For fun, I’ve started on a provisional patch which separates the single capture+compress operation into two separate operations. Now, the JS first calls the appropriate screenshot method to do capture.

When the callback comes back, we’ve got a capture but nothing has been compressed or written to disk — the perfect time to start modifying the screen by starting a visual flash effect! If the capture succeeded, it’s also the time to call a new method to compress & write the previously-captured image to disk.

This seems relatively straightforward to do by untangling and re-tangling some code. Everything’s already wrapped in an asynchronous GTask, and it’s mostly separating out and duplicating and de-duplicating a couple bits.

Patch is in progress, but I haven’t built or tested it yet because I’m still figuring out how to test a custom version of the latest development GNOME Shell on a desktop running a current release OS. :)

And that adventure, dear readers, will be the subject of our next post!

Parallelizing PNG compression, part 1

I’ve noticed that on my Linux workstation (an older CPU with a current graphics card and dual 4K monitors) taking screenshots by pressing “PrintScreen” in the GNOME desktop seems really slow: specifically, there is a long delay of a second or more between tapping the key and the start of the audiovisual “camera flash” feedback.

Profiling with the “perf” tool and checking the actual source for gnome-shell confirmed three things:

  1. gnome-shell doesn’t start the camera flash effect until after the screenshot is saved to disk as a PNG file, meaning the delay is mostly up to the PNG image compression.
  2. PNG compression is slow, and single-threaded! It takes about 1.25s to save a 7680×2160 desktop screenshot PNG on this machine; 0.75s on my faster laptop.

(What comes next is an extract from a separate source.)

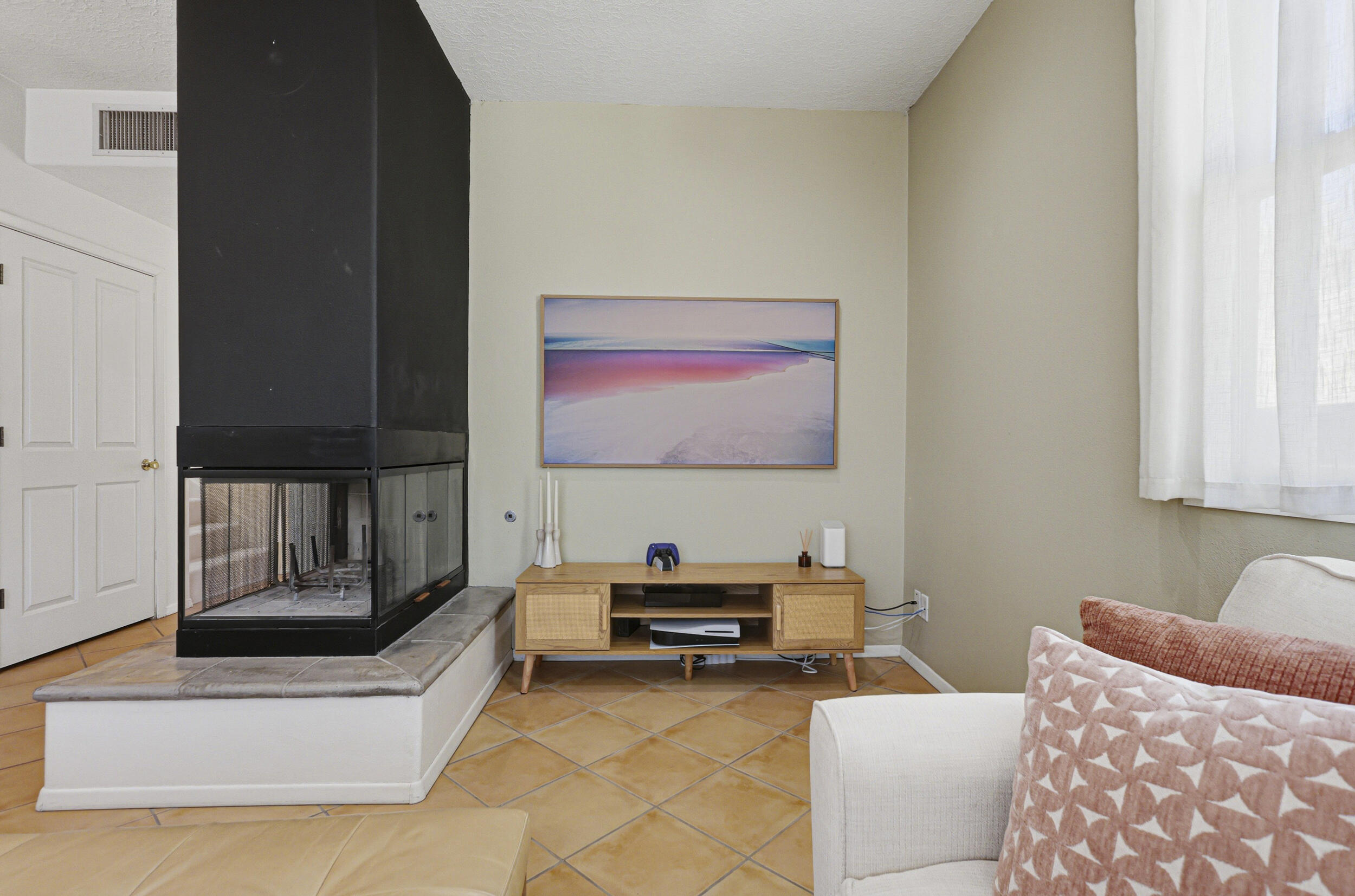 2920 Burton Avenue SE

A top of the line modern workstation can probably hit 0.5s, but that’s still a longish delay for feedback of a keyboard event.
  3. The two biggest contributors to CPU time are filtering the output pixels before compression (part of libpng), and the actual “deflate” compression (part of zlib).

I’ve divided the problem up into two areas to work on, one of which looks easy and one of which looks tractable but is a little more work to do right:

  1. Patch gnome-shell to split the screenshot provider into separate “capture” and “write” steps, then start the camera flash effect after capture to run in parallel with the compression. On most machines the screenshot will already be compressed before the visual effect finishes, making it seem instantaneous! On corner cases like mine, it’ll still feel fast, but the PNG may not be available until after the flash finishes.
  2. Create a library to write PNGs using multithreading [for the actual filter/compression stages] (either as a helper for libpng, or standalone), and figure out how to get it used in various places. (My screenshot case would be gdk-pixbuf.)

The patch for gnome-shell is mostly written but I haven’t yet figured out how to build and test the latest gnome-shell on Fedora 28. :) Will poke at that in a bit.

For parallelizing the actual compression, I found a number of tools to do multithreaded gzip/deflate wrapping around regular zlib, and one old half-finished experiment at specifically doing so for PNG saving. Learn more about them in our upcoming blog post part 2! (ooh! exciting!)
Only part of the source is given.